# White background?



## D-50 (Feb 14, 2008)

I have been doing some product shots and am having trouble getting a true white background.  Im using a light tent with a light on either side ond one on top. The lights are 3500k so i tried setting my WB to 3600 and 3400k (D200 doesn't do 3500K) and the background is still not truely white, it typicaly comes out with a slight bluish or grey cast.  I also tried setting WB specifically for the lighting setup in the preset mode.  This still did not work. I am real close on some shots but others get a slight color cast on the background. Any ideas on how I can get a white background?


----------



## Rock (Feb 14, 2008)

I don't know how to do it on your Nikon but on my canon I take a shot of the back ground first and use it to set custom WB for all the shots after.

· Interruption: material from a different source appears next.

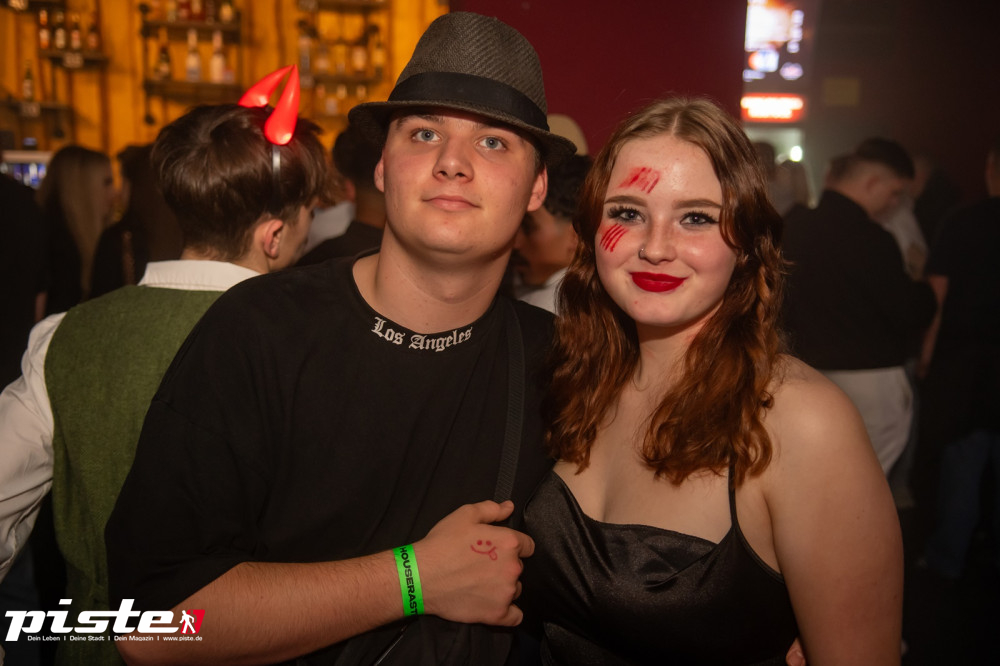 Houserasten meets Kxxma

Oh and there is always PS..... I sometimes go that way if I have too....


----------



## cameramike (Feb 14, 2008)

shoot in raw and adjust the w\b afterwards.


----------



## dipstick (Feb 15, 2008)

If you get a  "grey cast" it sounds more like an exposure issue than a wb issue. It could be that your background simply isn't exposed bright enought. If you post an example it will be a lot easier to tell and give you good advice!


----------



## Atropine (Feb 15, 2008)

As said, use manual wb from a shot of the set-up or shoot raw and make a preset in adobe camera raw. You should also crank up the exp comp one step or more to really get the bg white. I do this kind of shooting a lot and I still have to fine tune the levels in ps to obtain a good balance btw getting the suitable amount of natural shadow and detail in the products. Also make sure the bg really is white. A lot of the white paper backgrounds companies are selling have a slight yellow tone to it, not perfect for this kind of photos.


----------



## craig (Feb 18, 2008)

Post an example.

Love & Bass


----------